Under the Code, the data controller is responsible for making the notification. The Code provides that the DPC is entitled to request a data controller to provide a detailed written report of the incident. This should include the following elements:
- the amount and nature of the personal data that have been compromised;
- the action being taken to secure and/or recover the personal data that have been compromised;
- the action being taken to inform those affected by the incident or reasons for the decision not to do so;
- the action being taken to limit damage or distress to those affected by the incident;
- a chronology of the events leading up to the loss of control of the personal data; and
- the measures being taken to prevent repetition of the incident.
The Code states that where there is risk of unauthorised disclosure as a result of the breach, the data controller must give ‘immediate consideration’ to informing the data subject and any other relevant authority (e.g. the police force in Ireland) including the DPC himself.
The DPC does not have to be informed if:
- the data subjects have been notified;
- the breach affects no more than 100 data subjects; and
- the breach does not involve information of a sensitive or financial nature.
Under the Code, the DPC will specify a timeframe for the delivery of the report based on the nature of the incident and the information required.
The Code does not prescribe a format for the breach notification.
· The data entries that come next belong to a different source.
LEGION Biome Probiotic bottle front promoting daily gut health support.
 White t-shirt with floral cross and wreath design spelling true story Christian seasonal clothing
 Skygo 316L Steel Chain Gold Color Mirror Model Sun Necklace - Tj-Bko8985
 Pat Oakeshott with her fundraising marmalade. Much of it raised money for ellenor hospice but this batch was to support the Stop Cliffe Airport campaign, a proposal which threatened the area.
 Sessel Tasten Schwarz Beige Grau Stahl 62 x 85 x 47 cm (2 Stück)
Under the 2011 Regulations, the DPC can prosecute companies for failure to take appropriate security measures or failing to report data security breaches, with fines of up to EUR 250,000. Failure to notify the data subject can lead to fines of up to EUR 5,000 per breach.
The first port of call when dealing with a breach of data protection rights in your organisation is to refer to the Data Protection Commissioner’s Guidelines in relation to same, see below link to guidelines,
The best way to avoid any breaches occurring is to have a proper secure system of data protection in place in your organisation in line with the 8 principles of data protection;
- Obtain and process information fairly.
- The data must be kept for a specified, lawful purpose.
- The data should be used and disclosed only for the specified purpose.
- The data must be kept safe and secure.
- The data must be up to date, accurate and complete.
- The data must be relevant, adequate but not excessive.
- The date must be retained for no longer than is necessary.
- A copy of the data must be made available to the data subject, on request.
The organisation should also nominate as data protection officer who is informed and up to date on the obligations of the organisation in relation to data protection.
The Office of the Data Protection Commissioner advises that organisations bear the following in mind;
- What would your organisation do if it had a data breach incident?
- Have you a policy in place that specifies what a data breach is? (It is not just lost USB keys/disks/laptops. It may include any loss of control over personal data entrusted to organisations, including inappropriate access to personal data on your systems or the sending of personal data to the wrong individuals).
- How would you know that your organisation had suffered a data breach? Does staff at all levels understand the implications of losing personal data?
- Has your organisation specified whom staff tell if they have lost control of personal data?
- Does your policy make clear who is responsible for dealing with an incident?
- Does your policy meet the requirements of the Data Protection Commissioner’s approved Personal Data Security Breach Code of Practice?